Limits to Goodness of Fit

Based on a comparison of local interval correlations between the NINO34 and SOI indices, there probably is a limit to how well a model can be fit to ENSO.  The lower chart displays a 4-year-windowed correlation coefficient (in RED) between the two indices (shown in upper chart):

Note that in the interval starting at 1930, the correlation is poor for about 7 years.

Next note that the ENSO model fit shows a poor correlation to the NINO34 data in nearly the same intervals (shown as dotted GREEN). This is an odd situation but potentially revealing. The fact that both the ENSO model and SOI don't match the NINO34 index over the same intervals, suggests that the model may match SOI better than it does NINO34.  Yet, because of the excessive noise in SOI, this is difficult to verify.

But more fundamentally, why would NINO34 not match SOI in these particular intervals? These regions do seem to be ENSO-neutral, not close to El Nino or La Nina episodes.  Some also seem to occupy regions of faster, noisy fluctuations in the index.

It could be that the ENSO lunar tidal model is revealing the true nature of the ENSO dynamics, and these noisier, neutral regions are reflecting some other behavior — but since they also appear to be obscured by noise, it makes it difficult to unearth.


The paper by Zajączkowska[1] also applies a local correlation to compare the lunar tidal cycles to plant growth dynamics. There's a treasure trove of recent research on this topic.


Second-Order Effects in the ENSO Model

For ocean tidal predictions, once an agreement is reached on the essential lunisolar terms, then the second-order terms are refined. Early in the last century Doodson catalogued most of these terms:

"Since the mid-twentieth century further analysis has generated many more terms than Doodson's 388. About 62 constituents are of sufficient size to be considered for possible use in marine tide prediction, but sometimes many fewer can predict tides to useful accuracy."

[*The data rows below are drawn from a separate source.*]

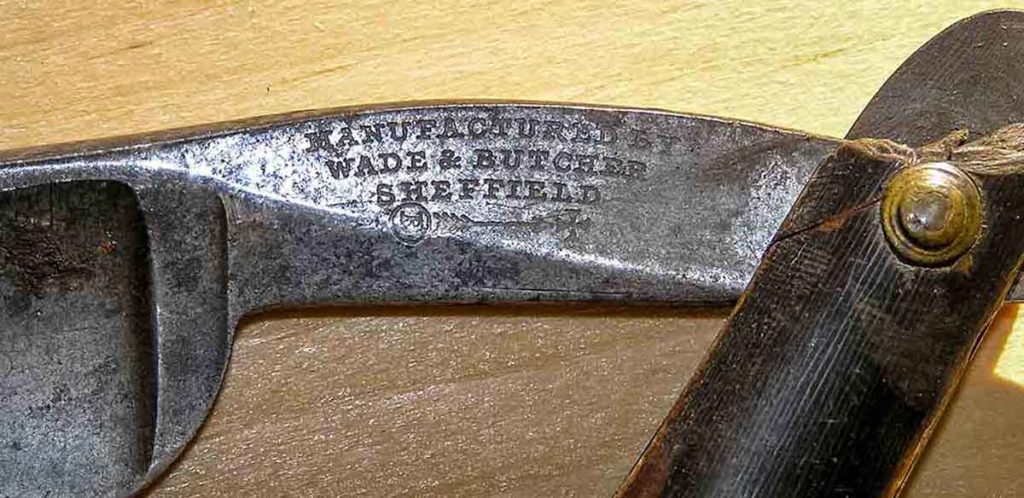 Close up of the Wade and Butcher straight razor’s branded blade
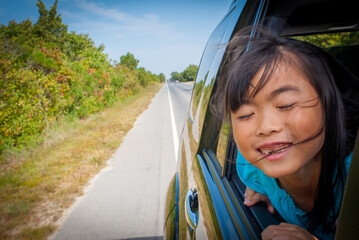 Young asian girl enjoying the breeze while on a drive with the window open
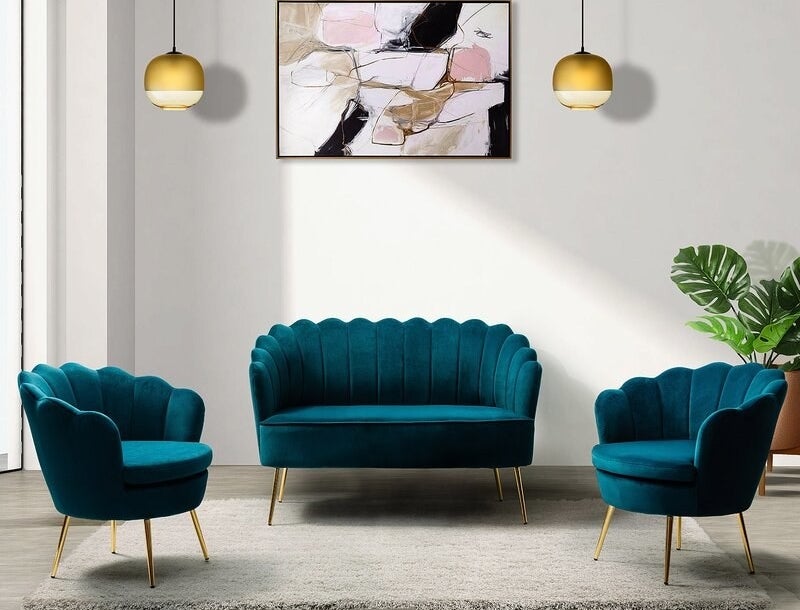the teal loveseat with matching accent chairs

That's possibly the stage we have reached in the ENSO model.  There are two primary terms for lunar forcing (the Draconic and Anomalistic) cycles, that when mixed with the annual and biannual cycles, will reproduce the essential ENSO behavior.  The second-order effects are the  modulation of these two lunar cycles with the Tropical/Synodic cycle.  This is most apparent in the modification of the Anomalistic cycle. Although not as important as in the calculation of the Total Solar Eclipse times, the perturbation is critical to validating the ENSO model and to eventually using it to make predictions.

The variation in the Anomalistic period is described at the NASA Goddard eclipse page. They provide two views of the variation, a time-domain view and a histogram view.

Time domain view
Histogram view

Since NASA Goddard doesn't provide an analytical form for this variation, we can see if the ENSO Model solver can effectively match it via a best-fit search to the ENSO data. This is truly an indirect method.

First we start with a parametric approximation to the variation, described by a pair of successive frequency modulated (and full-wave rectified) terms that incorporate the Tropical-modified term, wm. The Anomalistic term is wa.


\cos(\omega_a t+\phi_a+c_1 \cdot |\sin(\omega_m t+k_1 \cdot |\sin(\omega_m t+k_2)|+c_2)|)

This can generate the cusped behavior observed, but the terms pa, c_1, c_2, k_1, and k_2 need to be adjusted to align to the NASA model. The solver will try to do this indirectly by fitting to the 1880-1950 ENSO interval.

Plotting in RED the Anomalistic time series and the histogram of frequencies embedded in the ENSO waveform, we get:

Time domain view of model
Histogram view of model

This captures the histogram view quite well, and the time-domain view roughly (in other cases it gives a better cusped fit).  The histogram view is arguably more important as it describes the frequency variation over a much wider interval than the 3-year interval shown.

What would be even more effective is to find the correct analytical representation of the Anomalistic frequency variation and then plug that directly into the ENSO model. That would provide another constraint to the solver, as it wouldn't need to spend time optimizing for a known effect.

Yet as a validation step, the fact that the solver detects the shape required to match the variation is remarkable in itself. The solver is obviously searching for the forcing needed to produce the ENSO waveform observed, and happens to use the precise parameters that also describe the second-order Anomalistic behavior.  That could happen by accident but in that case there have been too many happy accidents already, i.e. period match, LOD match, Eclipse match, QBO match, etc.

Using Solar Eclipses to calibrate the ENSO Model

This is the forcing for the ENSO model, focusing on the non-mixed Draconic and Anomalistic cycles:

Note that the maximum excursions (perigee and declination excursion) align with the occurrence of total solar eclipses. These are the first three that I looked at, which includes the latest August 21 eclipse in the center chart.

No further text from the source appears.